Devant le juge, le directeur du foncier a développé un autre argument. Selon lui, les terres vacantes et sans maitre appartiennent à l’Etat conformément à l’article 1er du décret du 15 novembre 1935 portant réglementation des terres domaniales et l’article 713 du code civil. Lorsque le ministre de l’agriculture, Mamadou Sangafowa Coulibaly, se rend à Famienko à la veille de la signature le 14 septembre 2013 de l’accord-cadre entre le gouvernement et la CHP pour le démarrage des activités de cette compagnie, il rassure les villageois hostiles au projet.

« A la fin de l’exploitation, les terres vont revenir à leurs propriétaires. Faites donc vos titres de propriété afin que vos terres vous reviennent ».

Paradoxalement, au moment où le gouvernement engage la procédure d’immatriculation en avril 2014, il soutient que cette parcelle appartient à l’Etat comme terre vacante et sans maitre. Mais pour l’avocat des communautés, les terres sont la propriété de ses clients.

« Les arrêtés indiquent bien que c’est une mise à disposition. Aucun titre n’est détenu par la SODESUCRE sur les parcelles. On ne peut donc pas dire qu’une parcelle de terre sur laquelle des mises en valeur ont été faites depuis des siècles est sans maitre. C’est le maître qui met à disposition la terre », estime Me Serge Pamphile Niahoua.

La parcelle querellée n’étant pas une terre concédée, l’Etat ne peut l’immatriculer en son nom. L’immatriculation faite constitue une expropriation des terres des communautés par l’Etat. En effet, la loi N° 98-750 du 23 décembre 1998 relative au domaine foncier rural, qui reconnait les droits coutumiers, apporte une innovation de taille. L’Etat n’est plus le propriétaire de toutes les terres rurales ; alors qu’avant l’entrée en vigueur de cette loi il pouvait accorder des titres d’occupation sur une terre non immatriculée.

« Cette possibilité n’est plus offerte à l’Etat. L’Etat a d’ailleurs perdu sa qualité de propriétaire éminent de toutes les terres. Il n’est propriétaire que des terres immatriculées à son nom », expliquait en novembre 2004, à Nairobi au Kenya, le magistrat Léon Désiré Zalo, alors directeur du foncier rural et du cadastre rural, au ministère ivoirien de l’agriculture.

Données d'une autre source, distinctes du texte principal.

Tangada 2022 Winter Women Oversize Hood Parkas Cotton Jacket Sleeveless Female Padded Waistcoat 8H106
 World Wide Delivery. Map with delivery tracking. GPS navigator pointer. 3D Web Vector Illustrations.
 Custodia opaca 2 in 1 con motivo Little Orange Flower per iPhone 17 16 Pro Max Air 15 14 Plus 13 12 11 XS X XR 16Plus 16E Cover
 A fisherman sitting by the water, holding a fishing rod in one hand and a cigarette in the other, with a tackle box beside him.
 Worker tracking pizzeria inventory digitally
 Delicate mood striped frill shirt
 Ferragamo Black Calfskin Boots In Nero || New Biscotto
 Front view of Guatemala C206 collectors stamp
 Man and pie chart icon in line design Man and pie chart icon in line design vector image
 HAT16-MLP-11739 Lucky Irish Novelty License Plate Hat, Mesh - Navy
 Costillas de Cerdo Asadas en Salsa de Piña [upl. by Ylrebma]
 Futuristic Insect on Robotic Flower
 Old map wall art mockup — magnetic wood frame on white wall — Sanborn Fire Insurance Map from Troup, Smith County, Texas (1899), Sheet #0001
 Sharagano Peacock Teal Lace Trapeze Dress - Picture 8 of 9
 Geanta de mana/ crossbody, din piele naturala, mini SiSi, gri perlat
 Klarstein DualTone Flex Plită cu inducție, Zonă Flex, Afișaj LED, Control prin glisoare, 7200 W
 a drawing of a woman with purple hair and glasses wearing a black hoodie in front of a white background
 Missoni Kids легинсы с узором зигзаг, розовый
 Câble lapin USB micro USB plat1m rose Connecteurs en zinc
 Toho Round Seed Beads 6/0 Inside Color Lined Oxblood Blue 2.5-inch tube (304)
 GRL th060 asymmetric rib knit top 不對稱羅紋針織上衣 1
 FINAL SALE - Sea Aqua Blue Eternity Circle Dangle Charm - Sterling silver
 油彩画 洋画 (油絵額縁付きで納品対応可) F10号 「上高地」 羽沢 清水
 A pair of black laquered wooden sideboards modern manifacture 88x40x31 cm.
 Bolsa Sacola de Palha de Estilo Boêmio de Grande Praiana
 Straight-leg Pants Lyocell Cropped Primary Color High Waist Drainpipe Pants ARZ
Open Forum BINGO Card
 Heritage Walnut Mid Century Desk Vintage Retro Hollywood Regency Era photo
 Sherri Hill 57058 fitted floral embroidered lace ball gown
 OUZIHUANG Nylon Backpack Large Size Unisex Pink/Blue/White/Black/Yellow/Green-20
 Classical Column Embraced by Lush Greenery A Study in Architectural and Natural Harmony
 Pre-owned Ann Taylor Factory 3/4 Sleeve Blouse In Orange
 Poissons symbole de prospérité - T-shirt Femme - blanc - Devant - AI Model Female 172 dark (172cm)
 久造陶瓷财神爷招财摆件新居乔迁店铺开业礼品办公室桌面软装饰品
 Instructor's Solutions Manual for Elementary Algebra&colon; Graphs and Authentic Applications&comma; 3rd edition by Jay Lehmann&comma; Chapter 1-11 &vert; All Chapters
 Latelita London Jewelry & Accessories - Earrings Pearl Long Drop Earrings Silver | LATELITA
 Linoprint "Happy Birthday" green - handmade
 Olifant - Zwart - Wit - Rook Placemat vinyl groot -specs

Pourtant, le gouvernement a attribué cette parcelle à la CHP à travers la signature de l’accord-cadre en septembre 2013, c’est-à-dire avant l’immatriculation de la terre engagée par le ministère de l’agriculture en avril 2014. Les communautés continuent de revendiquer la propriété de ces terres, sans succès. En effet, elles craignent de perdre leurs terres utilisées pour les cultures de subsistance au profit de la plantation industrielle d’hévéa. Un schéma qui les conduirait en situation d’insécurité alimentaire aussi bien pour les habitants actuels de Famienkro que les générations à venir. Elles attendent que le tribunal de M’Bahiakro tranche en disant le droit.